What the task asks – The response should contain all of the data below, reproduced exactly, and no pictures.

Stored items:
......

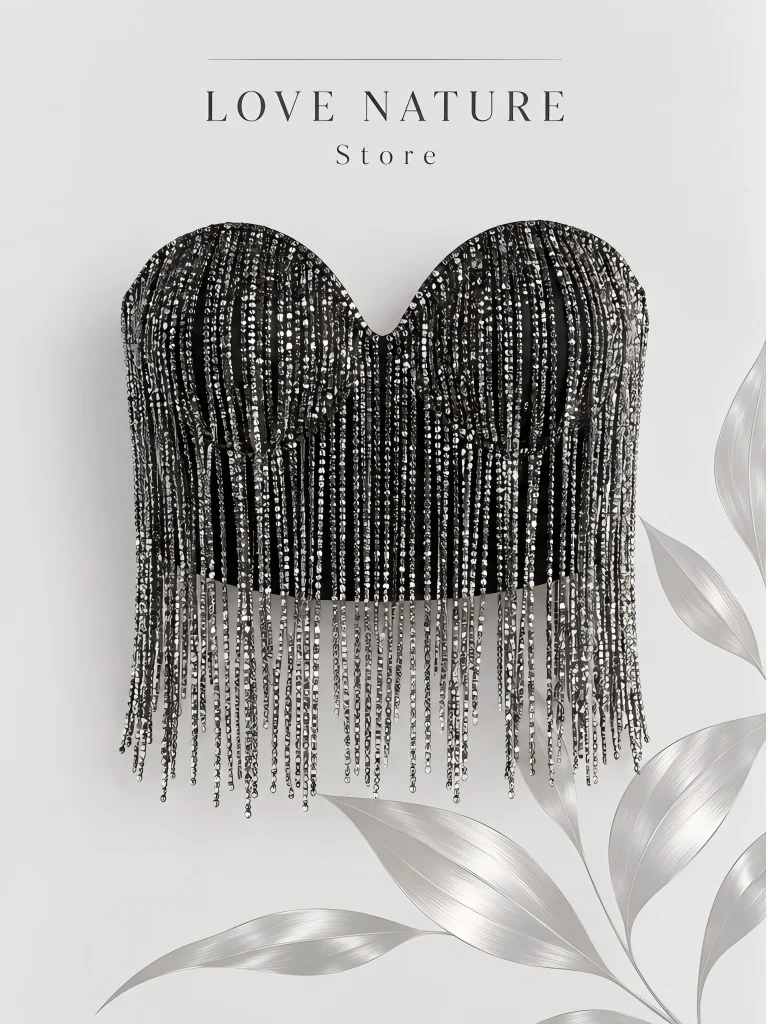 【LOVE NATURE Store】Women’s Black Rhinestone Fringe Strapless Corset Bustier Top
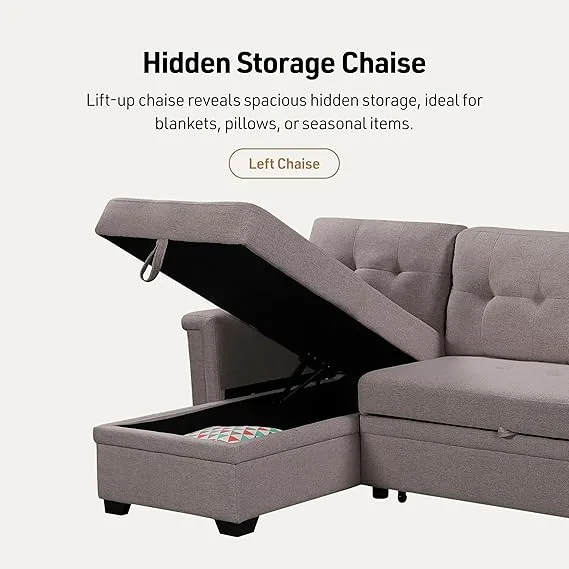 Ashlyn Light Gray Linen Sleeper Sectional - Image 4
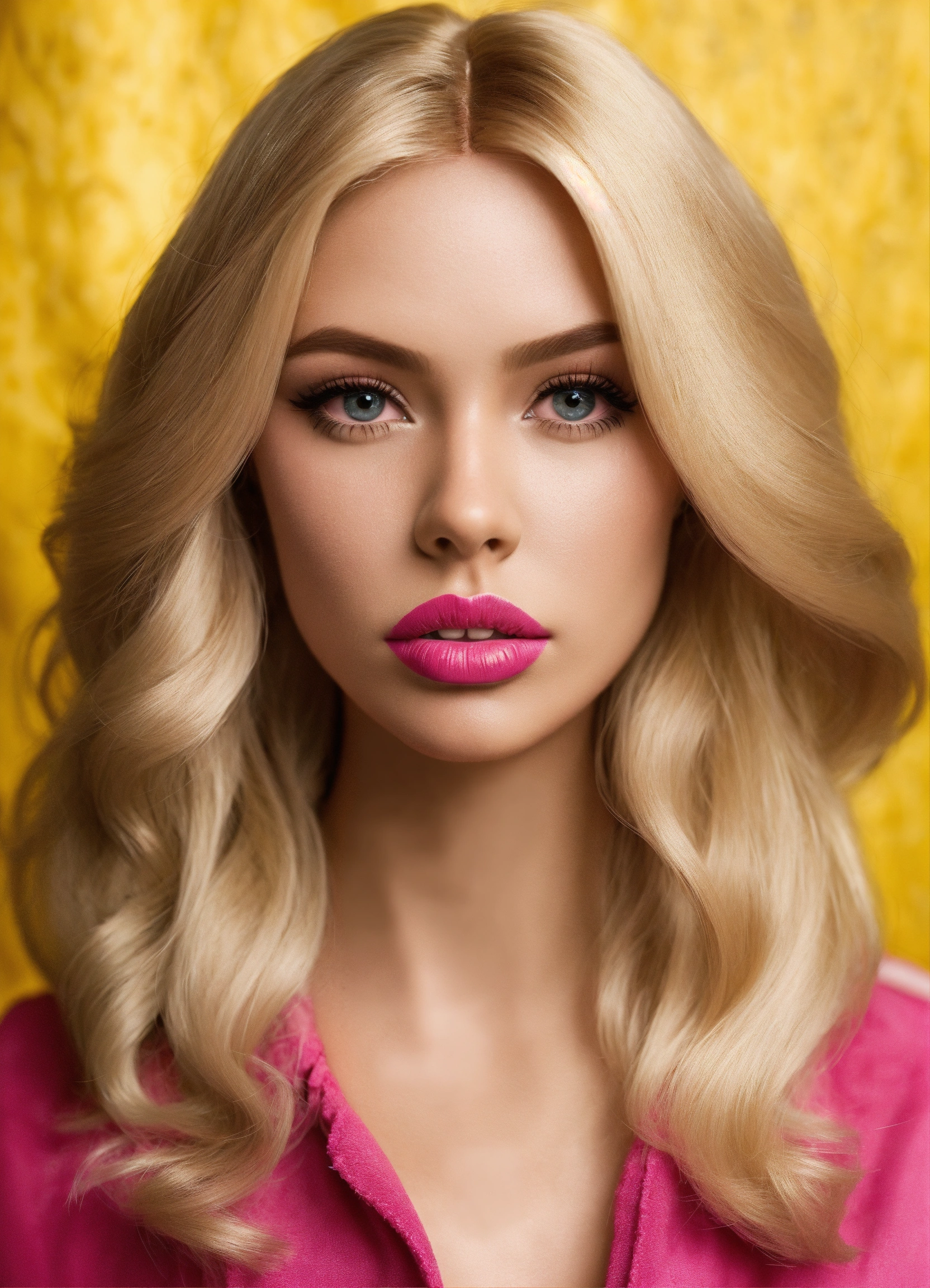 Lexica - Barbie girl fake blond woman big lips face front on symmetrical  photo realistic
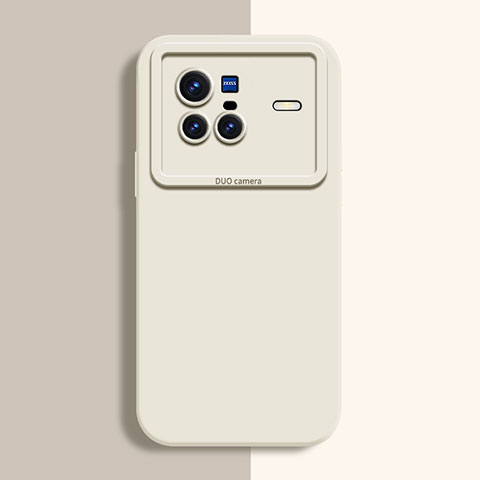 Vivo X80 5G用360度 フルカバー極薄ソフトケース シリコンケース 耐衝撃 全面保護 バンパー YK2 Vivo ホワイト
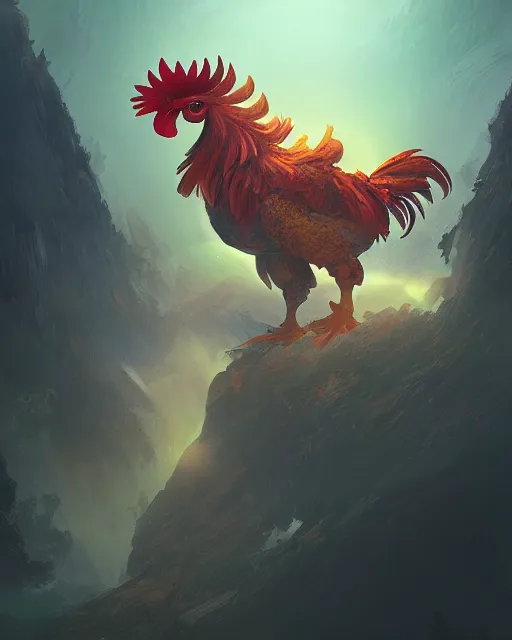 Image similar to humongous mysterious legendary rooster, frog view camera, beautiful illustration, mist, abstract, scifi, atmosphere, top lighting, focused, artstation, highly detailed, art by yuhong ding and chengwei pan and serafleur and ina wong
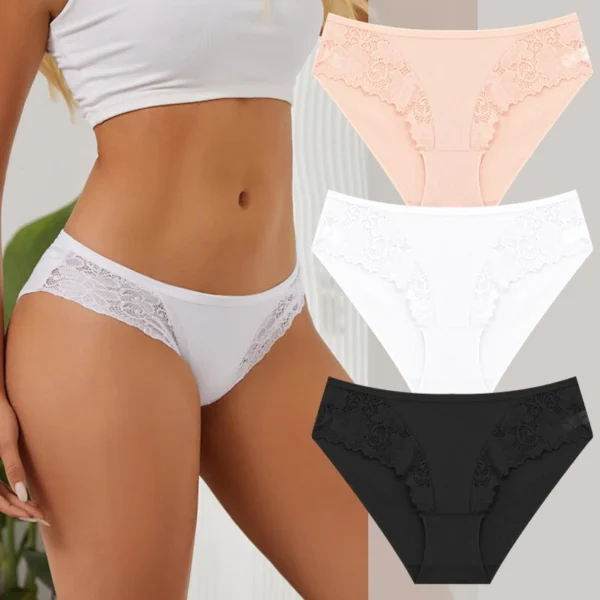 FINETOO 3Pcs/set Women Cotton Panties Sexy Low Waist Underpants Female Fashion Patchwork Lace Briefs Floral Soild Lingerie S-XL 10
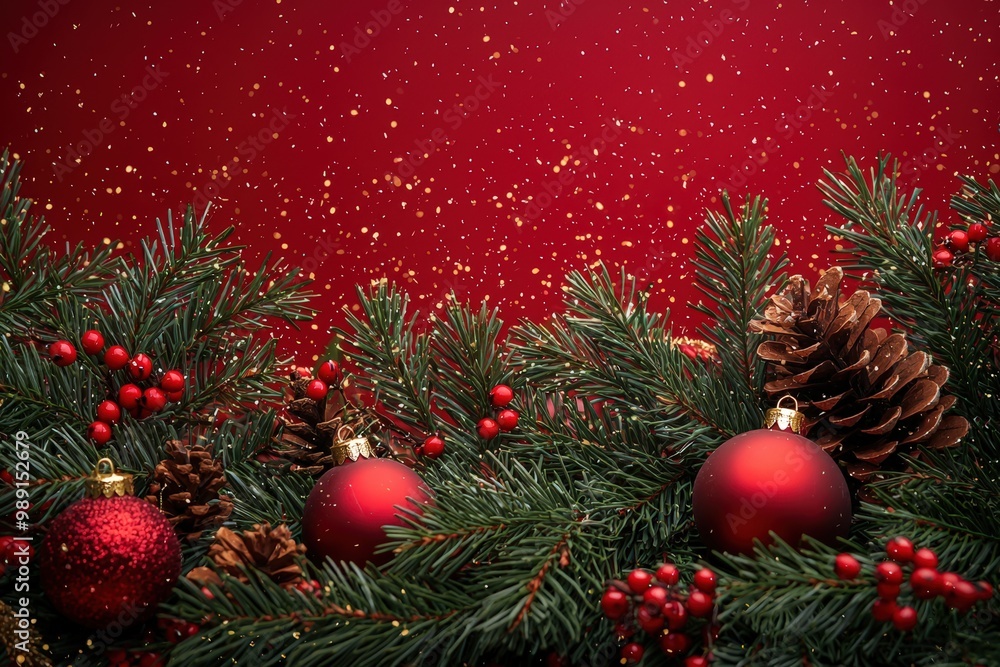 Poster Evergreen branches adorned with shiny red baubles and pinecones, set against a vibrant red background filled with sparkling flecks, create a festive holiday atmosphere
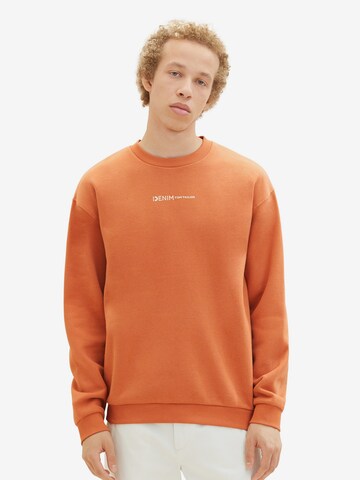 TOM TAILOR DENIM Sweatshirt in Orange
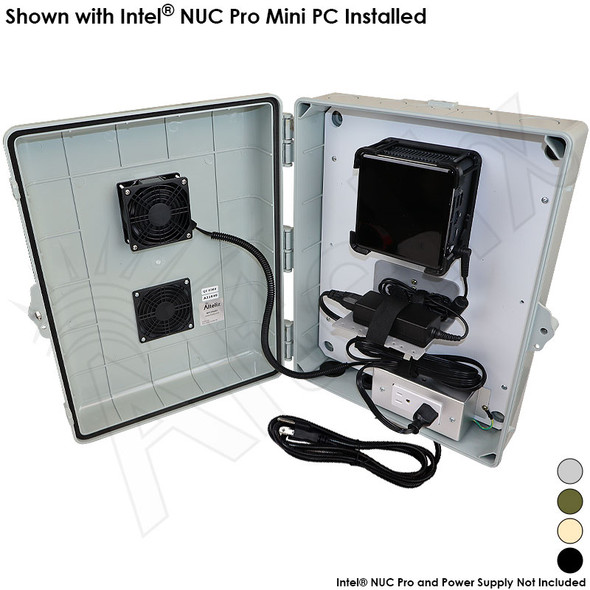 Altelix Polycarbonate Fan Cooled Weatherproof Enclosure for ASUS® / Intel® NUC Pro 10, NUC Pro 11, NUC Pro 12 and NUC Pro 13 Mini PC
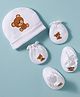 Ben Benny Interlock Knit Cap Mittens & Booties With Teddy Bear Print White - Diameter 10 cm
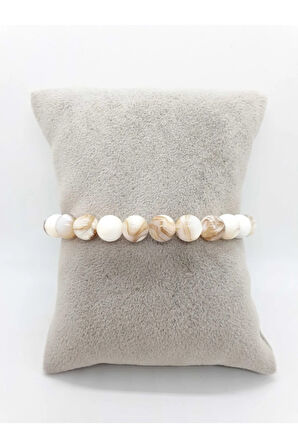 Sertifikalı Sedef Doğal Taş Bileklik 8 Mm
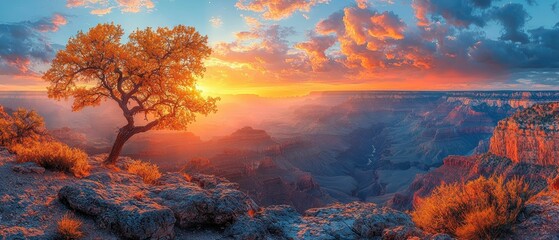 Fototapeta premium Golden sunset over canyon, lone tree silhouetted.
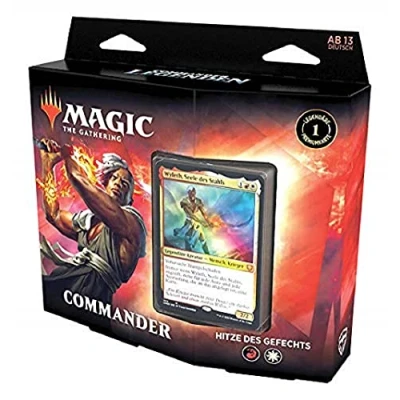 Afbeelding van Magic The Gathering C78591000 Magic: Commander Legenden Deck Rust jezelf uit voor de strijd, speelklaar dienblad met 100 kaarten, rood wit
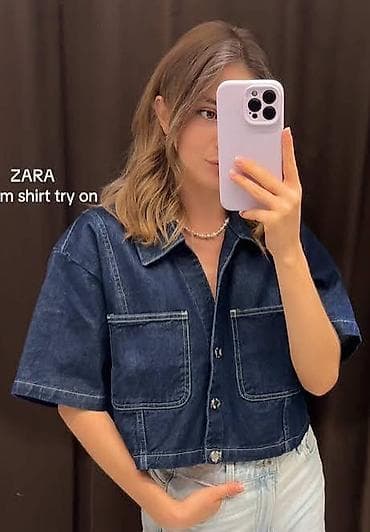Şəxsi əşyalar: ZARA qadın denim köynək. Yeni, etiketdiz. - Material: qalın denim — 2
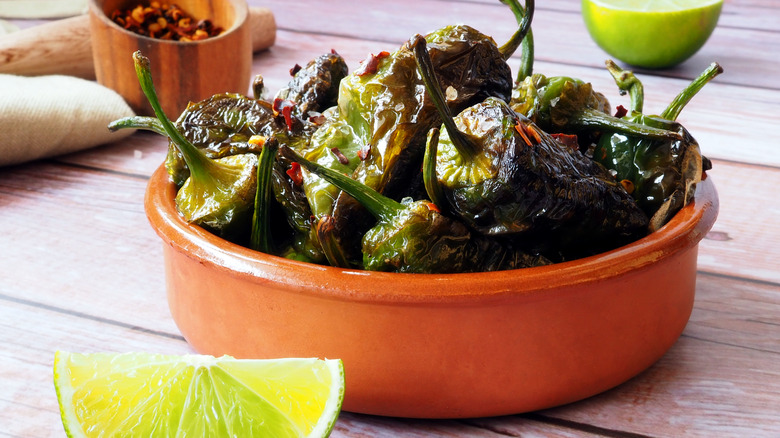 padrón peppers in bowl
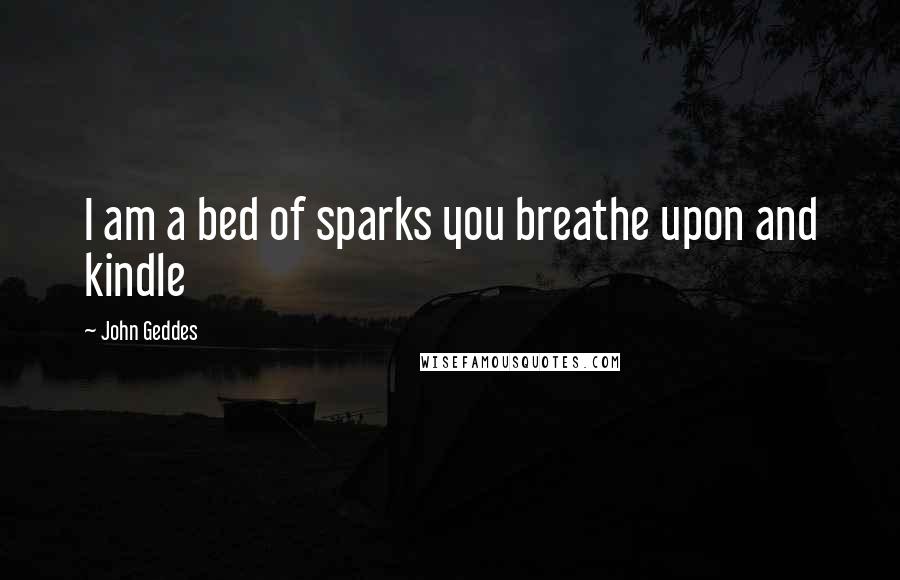 John Geddes Quotes: I am a bed of sparks you breathe upon and kindle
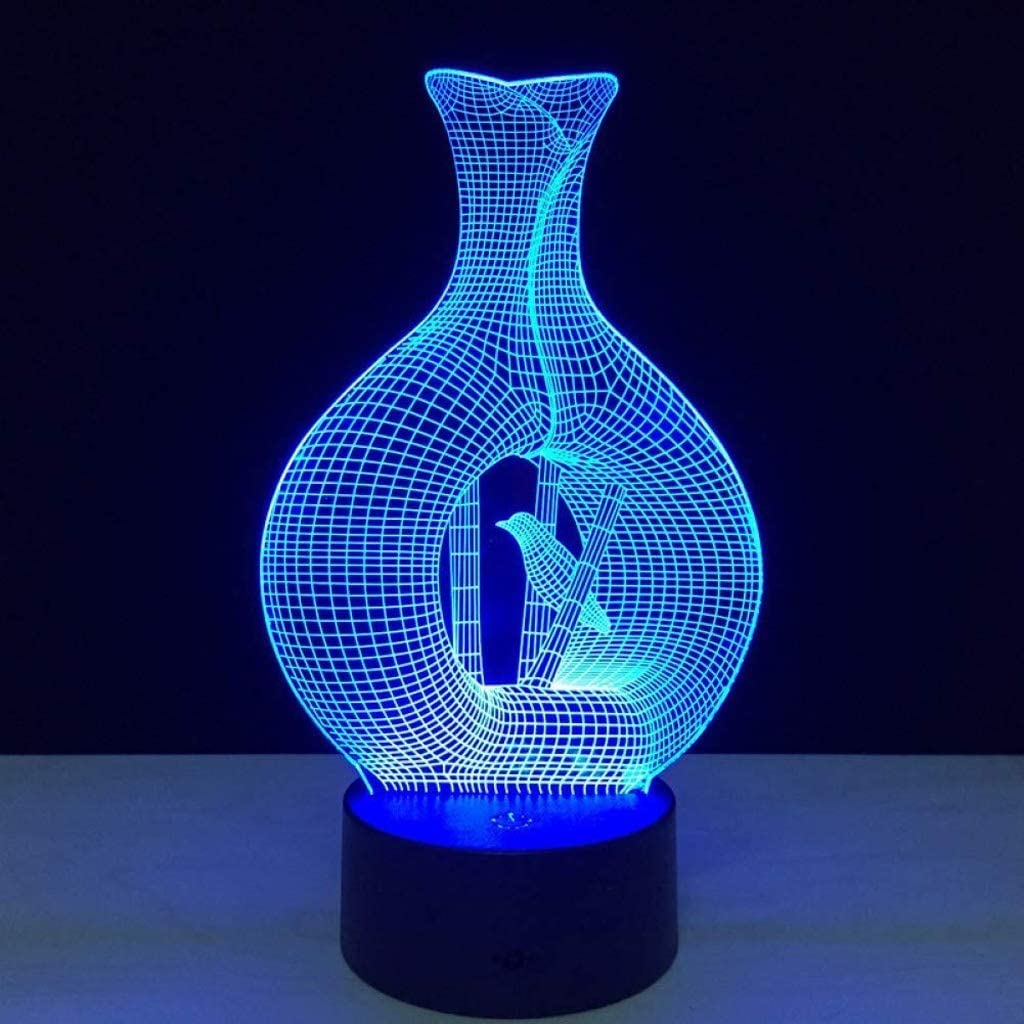 Veilleuse 3D, lampe de chevet pour chambre à coucher, lampe de table d'oiseau, 7 couleurs, lampe LED visuelle, décoration de sommeil pour bébé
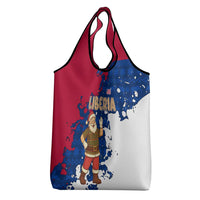 Liberia Christmas Grocery Bag with Santa Claus Map Graphic and Red Blue Festive - Wonder Print Shop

......

Output for this task –
 【LOVE NATURE Store】Women’s Black Rhinestone Fringe Strapless Corset Bustier Top
 Ashlyn Light Gray Linen Sleeper Sectional - Image 4
 Lexica - Barbie girl fake blond woman big lips face front on symmetrical  photo realistic
 Vivo X80 5G用360度 フルカバー極薄ソフトケース シリコンケース 耐衝撃 全面保護 バンパー YK2 Vivo ホワイト
 Image similar to humongous mysterious legendary rooster, frog view camera, beautiful illustration, mist, abstract, scifi, atmosphere, top lighting, focused, artstation, highly detailed, art by yuhong ding and chengwei pan and serafleur and ina wong
 FINETOO 3Pcs/set Women Cotton Panties Sexy Low Waist Underpants Female Fashion Patchwork Lace Briefs Floral Soild Lingerie S-XL 10
 Poster Evergreen branches adorned with shiny red baubles and pinecones, set against a vibrant red background filled with sparkling flecks, create a festive holiday atmosphere
 TOM TAILOR DENIM Sweatshirt in Orange
 Altelix Polycarbonate Fan Cooled Weatherproof Enclosure for ASUS® / Intel® NUC Pro 10, NUC Pro 11, NUC Pro 12 and NUC Pro 13 Mini PC
 Ben Benny Interlock Knit Cap Mittens & Booties With Teddy Bear Print White - Diameter 10 cm
 Sertifikalı Sedef Doğal Taş Bileklik 8 Mm
 Fototapeta premium Golden sunset over canyon, lone tree silhouetted.
 Afbeelding van Magic The Gathering C78591000 Magic: Commander Legenden Deck Rust jezelf uit voor de strijd, speelklaar dienblad met 100 kaarten, rood wit
Şəxsi əşyalar: ZARA qadın denim köynək. Yeni, etiketdiz. - Material: qalın denim — 2
 padrón peppers in bowl
 John Geddes Quotes: I am a bed of sparks you breathe upon and kindle
 Veilleuse 3D, lampe de chevet pour chambre à coucher, lampe de table d'oiseau, 7 couleurs, lampe LED visuelle, décoration de sommeil pour bébé
 Liberia Christmas Grocery Bag with Santa Claus Map Graphic and Red Blue Festive - Wonder Print Shop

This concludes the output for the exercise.